So you have a strong workout routine, made some progress in your body battle by losing weight or gaining muscle. Its been a few weeks and now you feel that you hit a plateau in your fitness goals.
Here are 7 helpful ways to push through that plateau without over working your body or increasing your frustration to achieve your goals.
1. Adjust your caloric intake. As your body's metabolism changes, so does the increase in the fuel your body needs to produce muscle mass.
2. Taking a planned recovery week. Yes, as you continue to workout over the course of 6 to 8 weeks your body does not recognize the new muscles you have built and continues to breakdown rather than build. Benefits to taking a recovery week of no working out; proper muscle repair, refresh your central nervous system from heavy training sessions, joint and ligament recovery, mental re-balance and renewed motivation when returning to your training.
3. The Post-Failure Heavy Overloading method is a technique that I like to include in my strength training workouts where I am lifting heavier weights for fewer reps and using longer rest periods. Typically no more than 5 to 8 reps with 2 to 3 min recovery.
4. Dropsets are a technique in which you add additional volume after reaching failure within a workset. IE: Failure at MAX rep followed by lowering of weight at same number of reps 1/3 lighter than previous set.

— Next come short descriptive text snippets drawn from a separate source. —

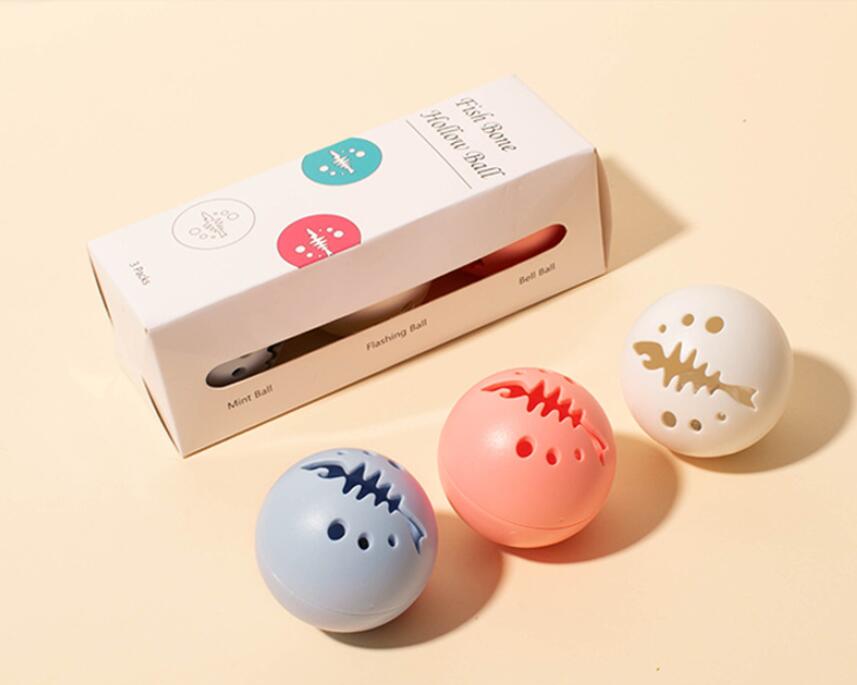 2023新作★♪猫のおもちゃ★♪遊び★玩具★猫用おもちゃ★歯ぎしり★ペット用品　三個入れ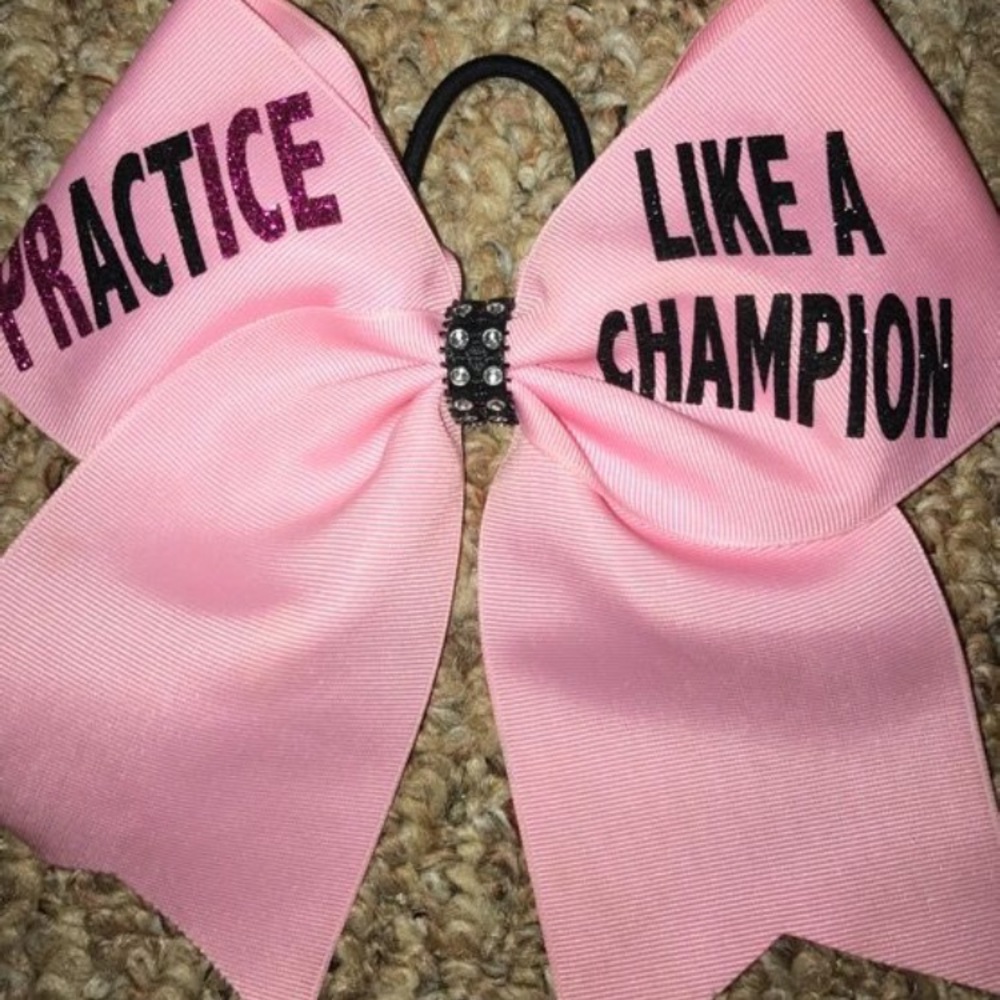 Pink Cheer Bow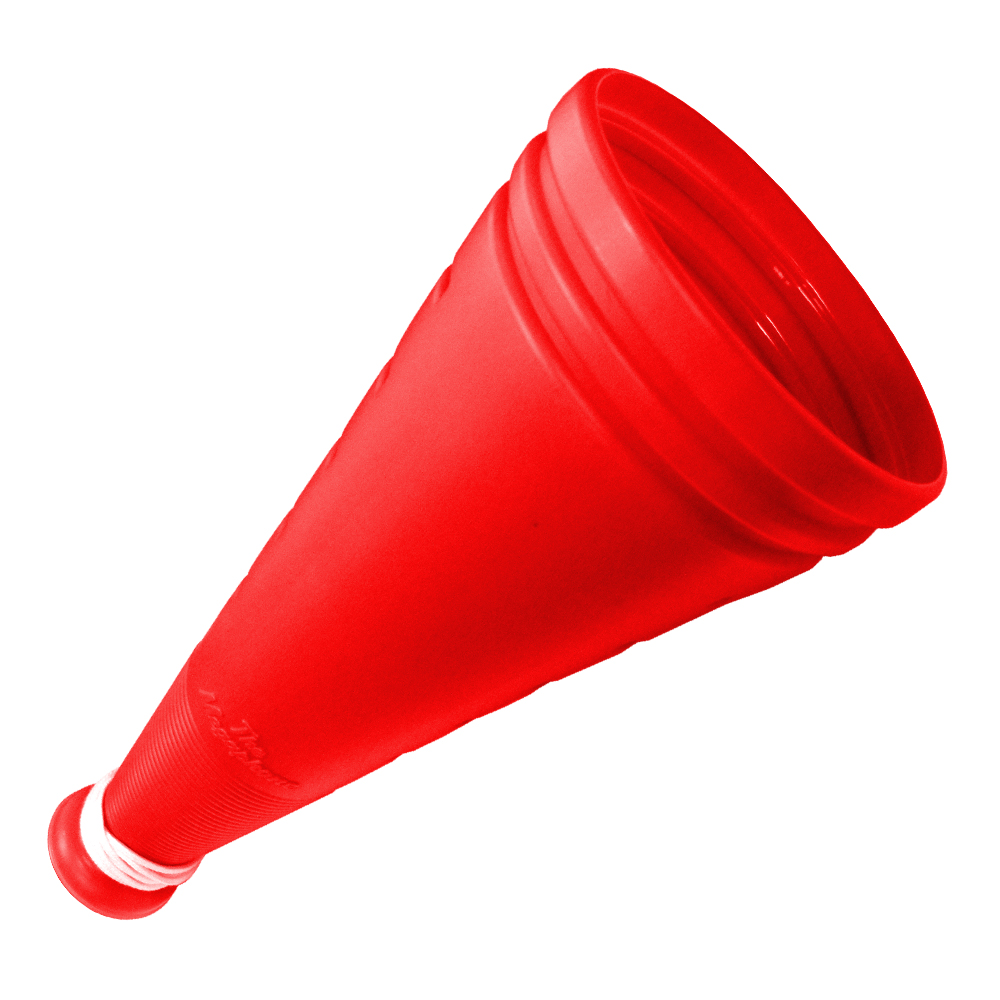  promo The * megaphone red 32.5cm made in Japan high school baseball Koshien associated goods megaphone physical training festival motion . soccer Inter high plastic megaphone plastic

5. The superset protocol is when you combine two exercises either for the same muscle group or opposing muscle groups and you perform two exercises one right after another with no rest in between. The goal is to achieve more reps than that range, add more weight the next time around and try to stay within that sweet spot rep range.
6. Change your program design. It is a good idea to change your workout programming every 4-8 weeks as the body's muscle fibers get accustomed to movement patterns, weight, and even rep protocols quickly.
7. Challenge yourself in ways you haven't before. Changing positions of your exercises such as hands positions, feet stance, grip, and timing of recoveries are all modifications that can help elevate the intensity of your existing workout program while still challenging your body in a new way.